Die Obduktion ergab Schussverletzungen im Bereich von Hüfte, Oberkörper und Kopf. Ein vierter Schuss streifte den Oberschenkel. Lorenz A. starb wenig später im Krankenhaus.
Keine Notwehrlage mehr
Nach Abschluss der Ermittlungen geht die Staatsanwaltschaft davon aus, dass zum Zeitpunkt der Schüsse keine Notwehrlage mehr bestand. Der Beamte sei irrtümlich davon ausgegangen, mit einem Messer angegriffen zu werden. Dies stelle eine sogenannte Putativnotwehrlage dar – ein Irrtum über das Vorliegen einer Bedrohung.

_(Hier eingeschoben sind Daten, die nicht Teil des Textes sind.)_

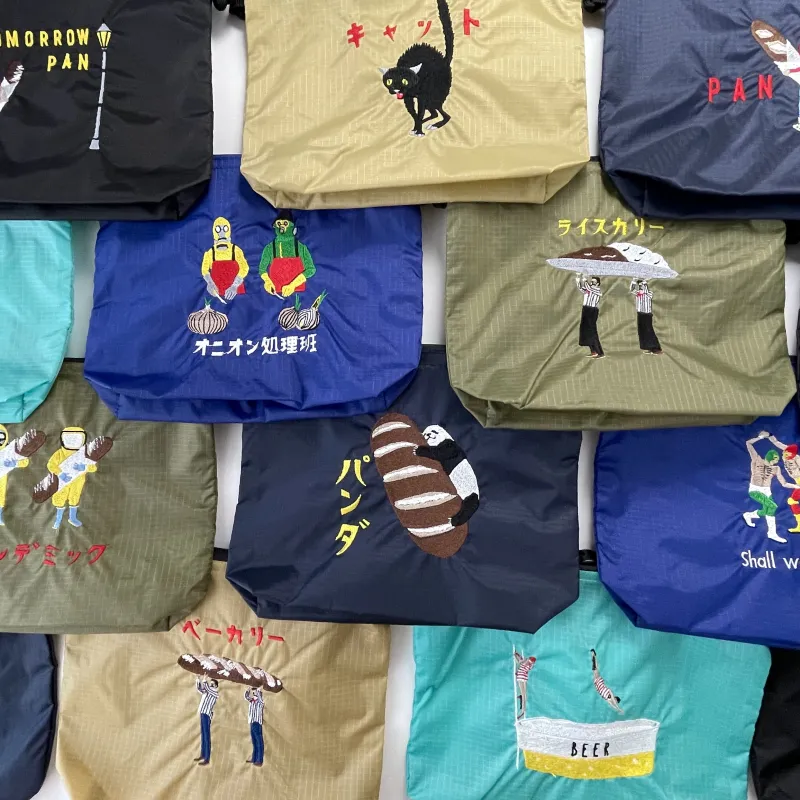 必要なものだけ入れて、身軽におでかけ。コーディネートのアクセントにも。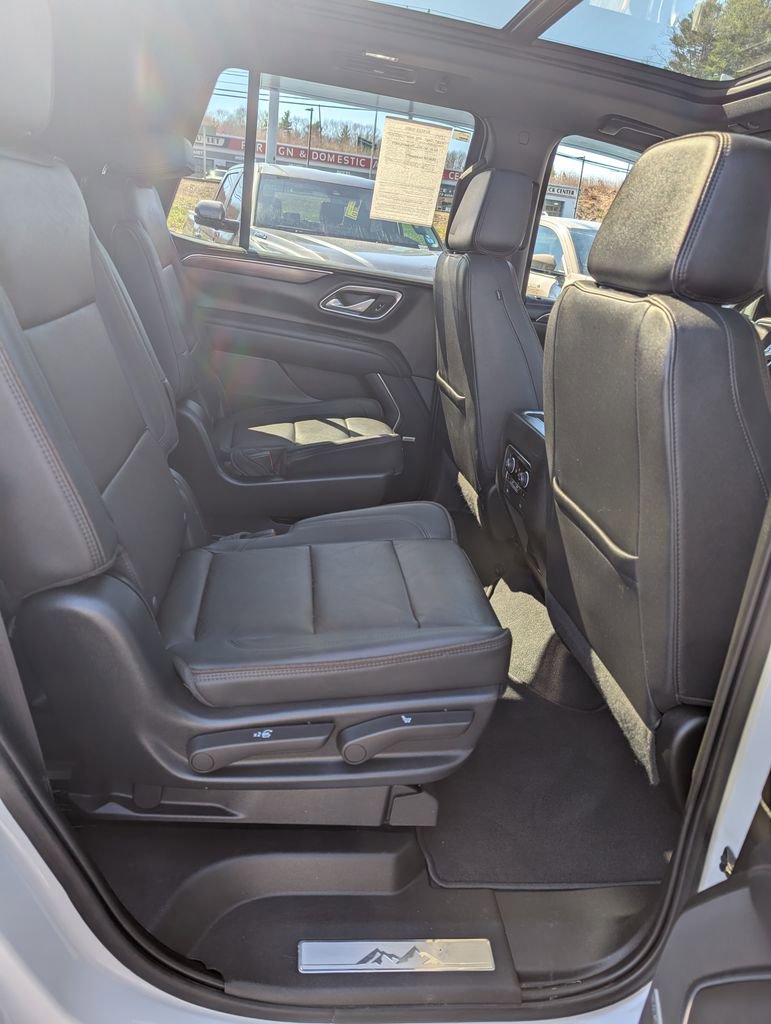 Used 2022 Chevrolet Tahoe High Country w/ Premium Package 2 AWD/4WD image 19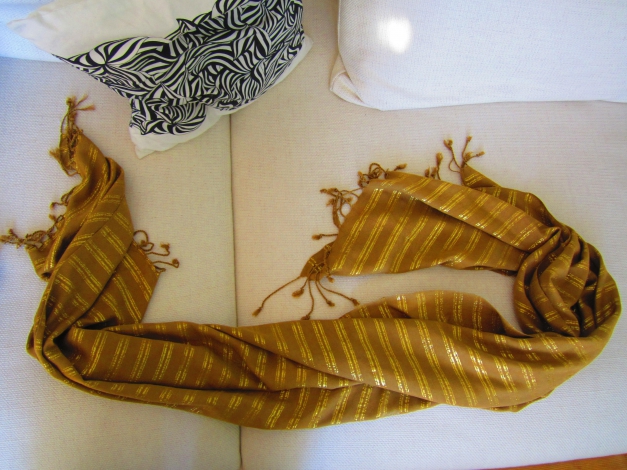 Braun-goldenes Halstuch / Schal mit goldenen Streifen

Das Opfer hatte laut Anklageschrift zwar Reizgas eingesetzt und ein Messer mitgeführt, es aber nicht gezogen. Statt eines Angriffs habe der Mann lediglich einer Festnahme entgehen wollen. Die Staatsanwaltschaft kommt daher zu dem Schluss, dass der Irrtum des Beamten vermeidbar war.
Anklage wegen fahrlässiger Tötung
Der Vorwurf lautet auf fahrlässige Tötung gemäß § 222 Strafgesetzbuch. Die mögliche Strafe reicht bis zu fünf Jahren Freiheitsstrafe oder Geldstrafe. Die Entscheidung über die Eröffnung des Hauptverfahrens liegt nun beim Landgericht Oldenburg.
Ein vorsätzliches Tötungsdelikt sieht die Staatsanwaltschaft nicht. Sie geht nicht davon aus, dass der Beamte mit Tötungsabsicht handelte.
Stellungnahme des Polizeipräsidenten
Der Präsident der Polizeidirektion Oldenburg, Andreas Sagehorn, äußerte sich nach Bekanntgabe der Anklage öffentlich. Er betonte, dass die strafrechtliche Aufarbeitung nun vor Gericht erfolgen müsse. Das Verfahren könne den Angehörigen und Freunden des Getöteten helfen, das Geschehen zu verarbeiten.
Sagehorn erinnerte an die Unschuldsvermutung und verwies auf die vollständige, transparente und neutrale Zusammenarbeit der Polizei mit der Staatsanwaltschaft. Diese Zusammenarbeit sei in der öffentlichen Debatte wiederholt infrage gestellt worden.
Öffentliche Diskussion
Der Fall hat weit über Oldenburg hinaus Aufmerksamkeit ausgelöst. In der öffentlichen Debatte wird auch über strukturellen Rassismus bei Polizeieinsätzen diskutiert, da der Getötete Schwarz war. Kritisch hinterfragt werden insbesondere die Verhältnismäßigkeit des Schusswaffeneinsatzes, das Fehlen von Warnschüssen und mögliche strukturelle Konsequenzen. Auch die Schulung im Umgang mit Fluchtsituationen und Reizgas steht zur Debatte.